A high fraction of immigrants are young, low-skilled, Hispanic males. Given these demographics, I long assumed that immigrants would have relatively high crime rates. While I kept this problem in perspective, I took it for granted that increased crime was a genuine drawback of immigration.

I was wrong.

A fascinating NBER Working Paper (earlier, free version here) by Kristin Butcher and Anne Piehl shows that, despite their demographics, immigrants are drastically less criminal than native-born Americans. In fact, immigrants have one-fifth the incarceration rate of natives. Yes, natives are incarcerated at five times the rate of the foreign-born:

Using the 1980, 1990, and 2000 Censuses, we show that 18-40 year-old male immigrants have lower institutionalization rates than the native born in each year. The gap in these institutionalization rates widens over the decades, and by 2000 immigrants have institutionalization rates that are one-fifth of the native born.

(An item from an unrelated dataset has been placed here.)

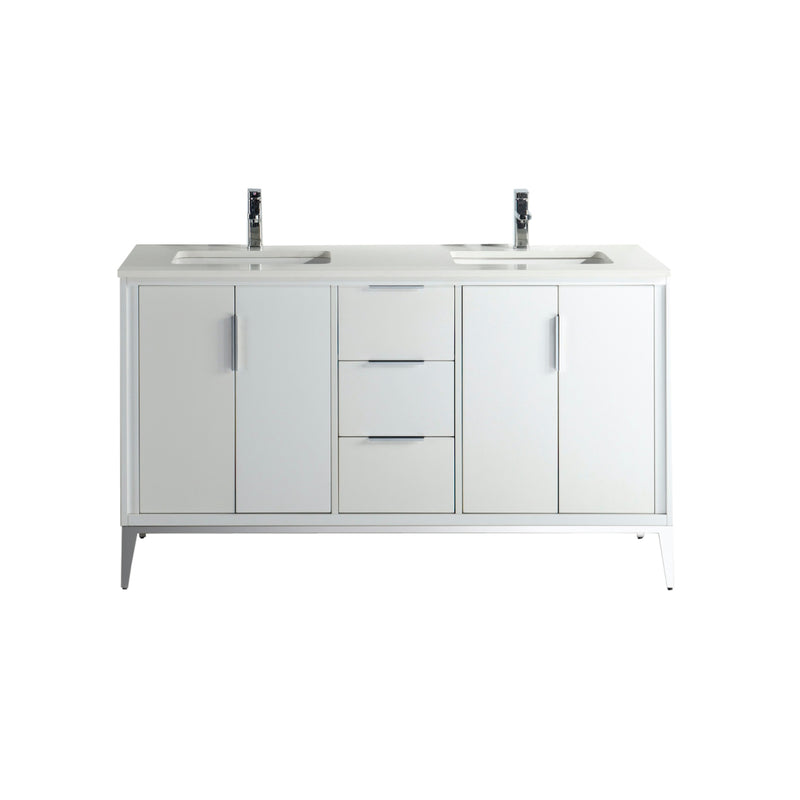 Kube Bath KD9960-GW Divani 60" Gloss White Free Standing Double Sink Bathroom Vanity with White Quartz Top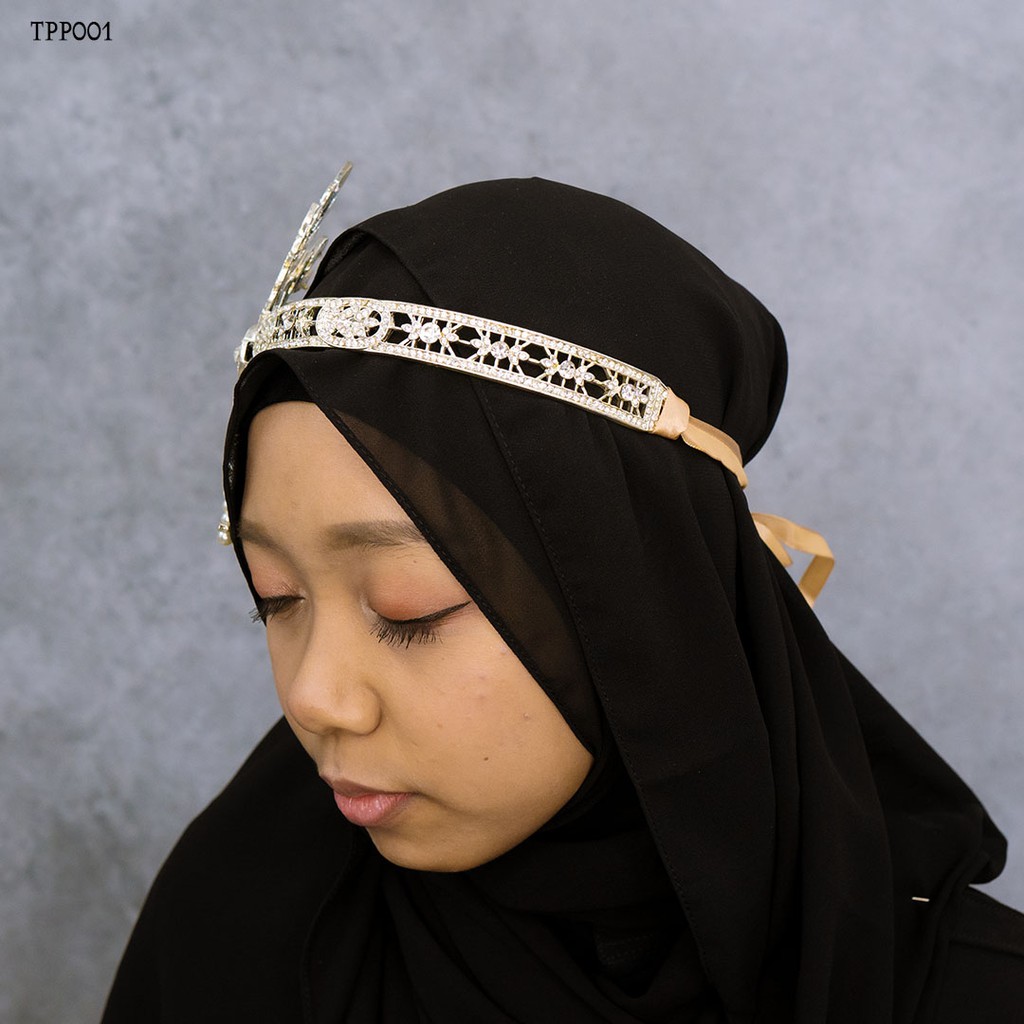 [READY STOCK] HEADPIECE SET TIARA HIJAB BRIDAL PESTA FASHION WANITA TPP001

Is this base statistical trickery? Not likely; these are raw numbers that anyone can double-check against the census. Could these results simply reflect the practice of deporting criminal aliens? Nope; our actual practice is to make immigrants serve their full sentence before expelling them.

But how can we reconcile the facts with the demographics? Butcher and Piehl show that given their demographics, we should expect immigrants to commit crimes at double the native rate. But for some reason(s), demographics yield a massive overprediction; immigrants commit crimes at one-tenth the expected rate given their demographics. Yes, if immigrants acted like otherwise similar natives, they were be ten times as criminal as they actually are.

Why would this be so? The main theories that Butcher and Piehl explore: (1) Immigrants self-select for law-abiding behavior; (2) Immigrants are more responsive to deterrence than natives. Personally, the most plausible story to me is that immigrants feel lucky to be in the U.S. and don’t want to forfeit their “big break,” so they try extra-hard to stay out of trouble.

In any case, given my repeated attacks on anti-foreign bias, I should have been more skeptical of popular claims about immigrants’ criminal propensities. So to every immigrant out there, I’m sorry. I’ll try not to let it happen again.

P.S. I won’t be posting much during the next two weeks. Why? Well, let’s just say that if you see me at Comic-Con, don’t hesitate to say hi!